__ASSIGNMENT__.
Copy exactly the lines of the material below that fall between the line with "Trench Coat Alongado Com Faixa" and the line with "Case Up Apple", both of those lines included; pictures stay out.

__SUPPLIED MATERIAL__.
"""

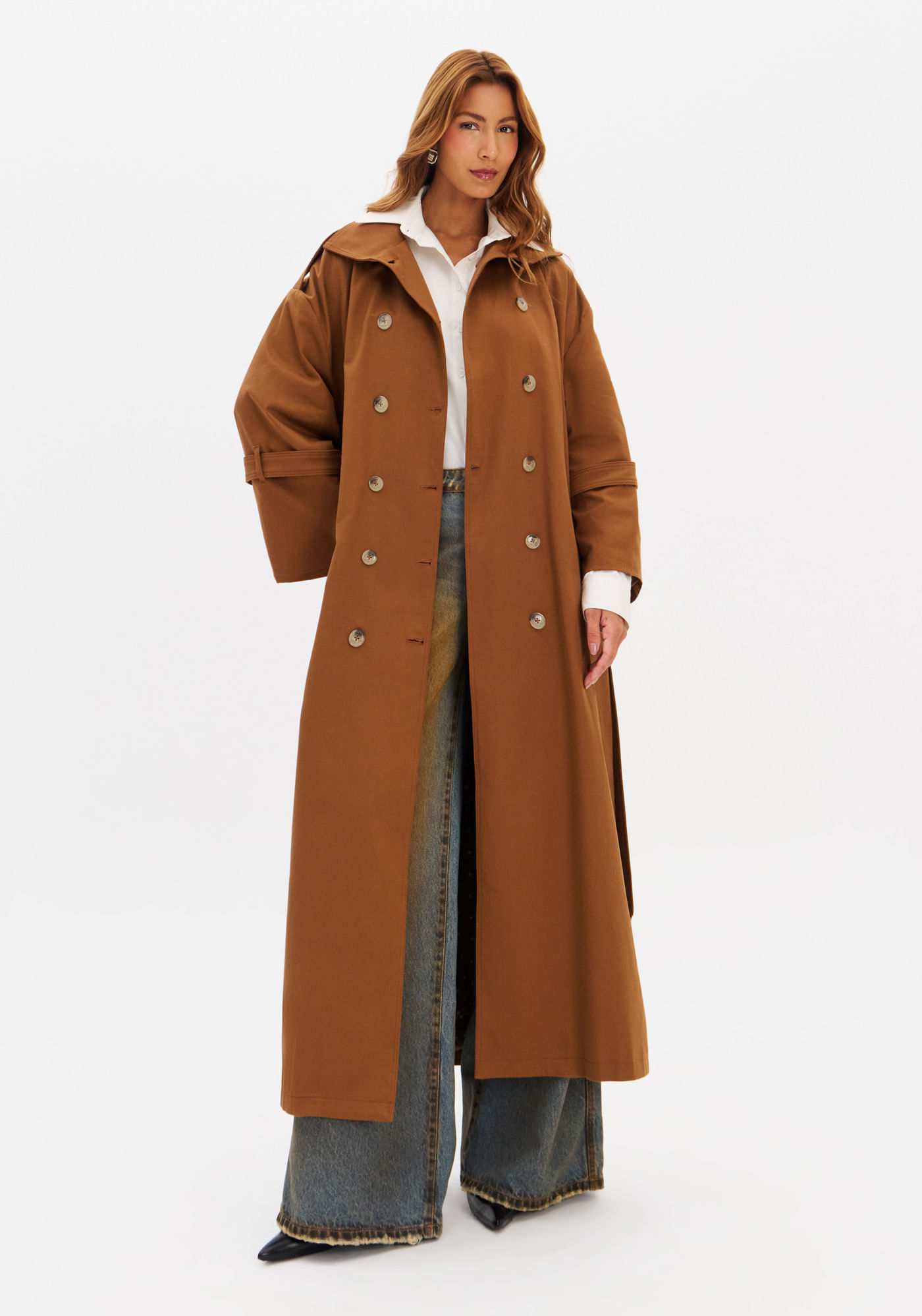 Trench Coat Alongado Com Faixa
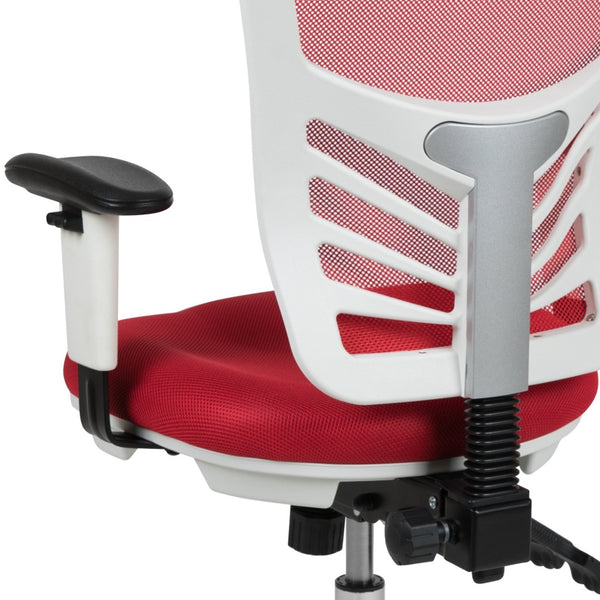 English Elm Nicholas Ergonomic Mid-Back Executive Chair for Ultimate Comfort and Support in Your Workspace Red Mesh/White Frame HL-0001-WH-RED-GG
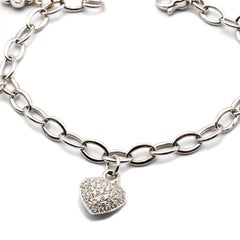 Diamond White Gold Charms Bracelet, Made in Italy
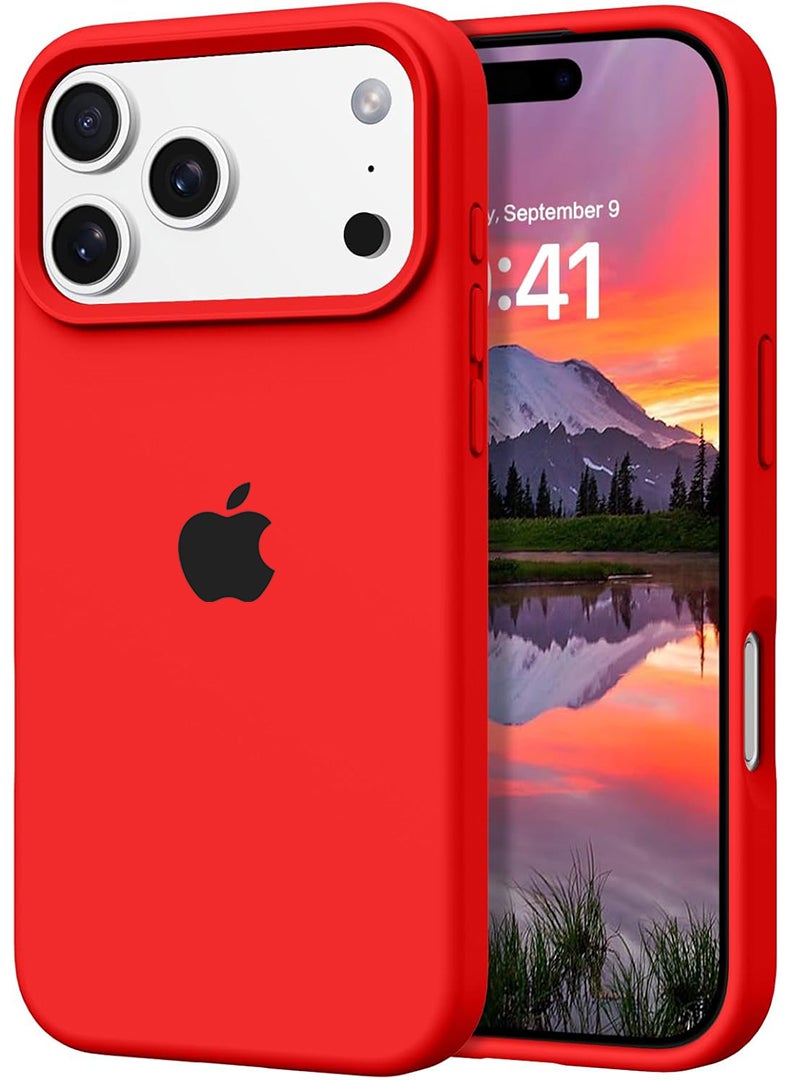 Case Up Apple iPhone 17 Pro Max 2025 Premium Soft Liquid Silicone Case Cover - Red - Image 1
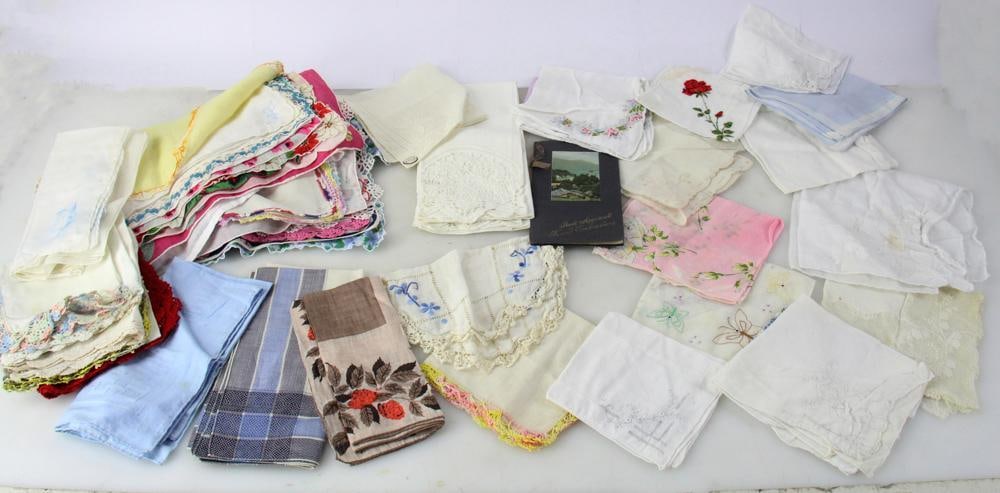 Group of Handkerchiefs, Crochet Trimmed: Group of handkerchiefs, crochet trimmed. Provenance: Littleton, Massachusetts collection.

"""
"""

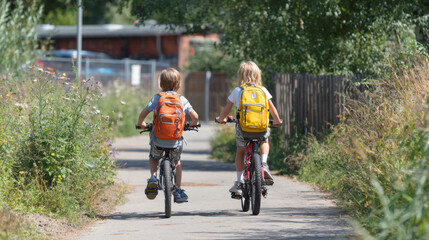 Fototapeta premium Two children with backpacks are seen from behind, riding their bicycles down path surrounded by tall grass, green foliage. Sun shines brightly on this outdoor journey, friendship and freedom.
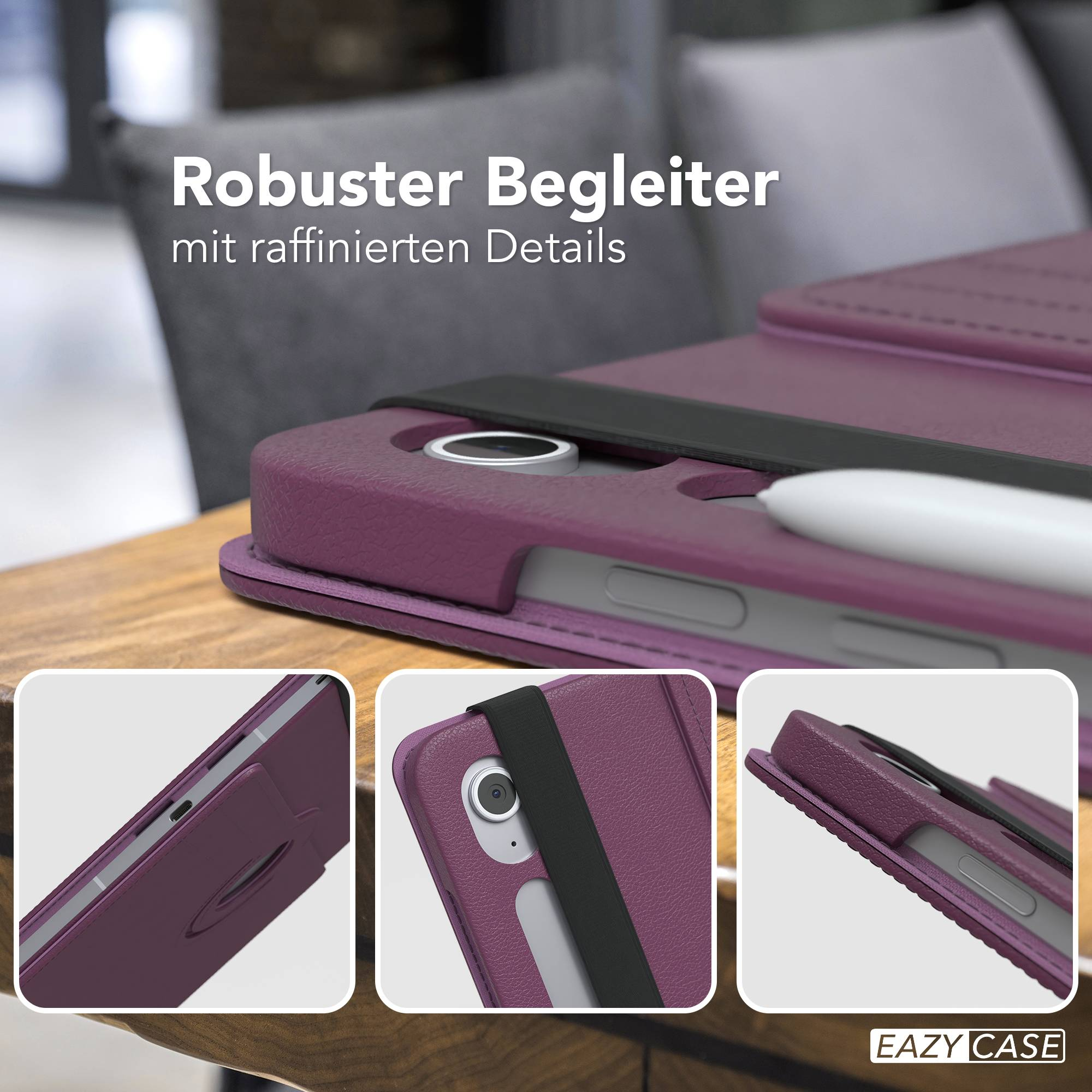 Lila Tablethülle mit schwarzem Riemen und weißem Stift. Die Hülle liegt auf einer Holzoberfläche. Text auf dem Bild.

"""
"""

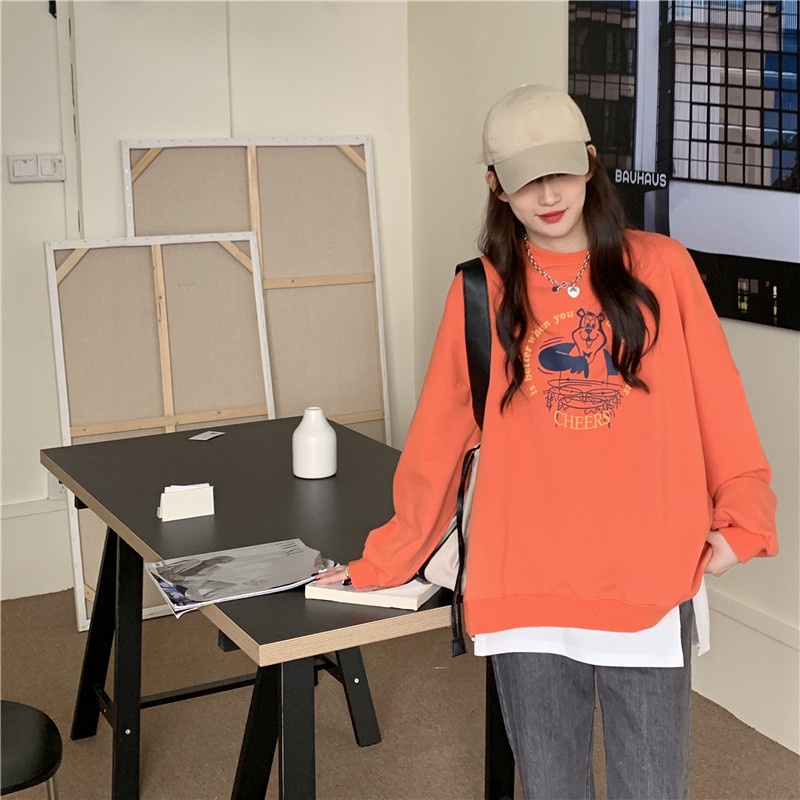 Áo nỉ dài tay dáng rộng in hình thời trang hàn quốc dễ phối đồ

"""

__EXPECTED OUTPUT__.
 Trench Coat Alongado Com Faixa
 English Elm Nicholas Ergonomic Mid-Back Executive Chair for Ultimate Comfort and Support in Your Workspace Red Mesh/White Frame HL-0001-WH-RED-GG
 Diamond White Gold Charms Bracelet, Made in Italy
 Case Up Apple iPhone 17 Pro Max 2025 Premium Soft Liquid Silicone Case Cover - Red - Image 1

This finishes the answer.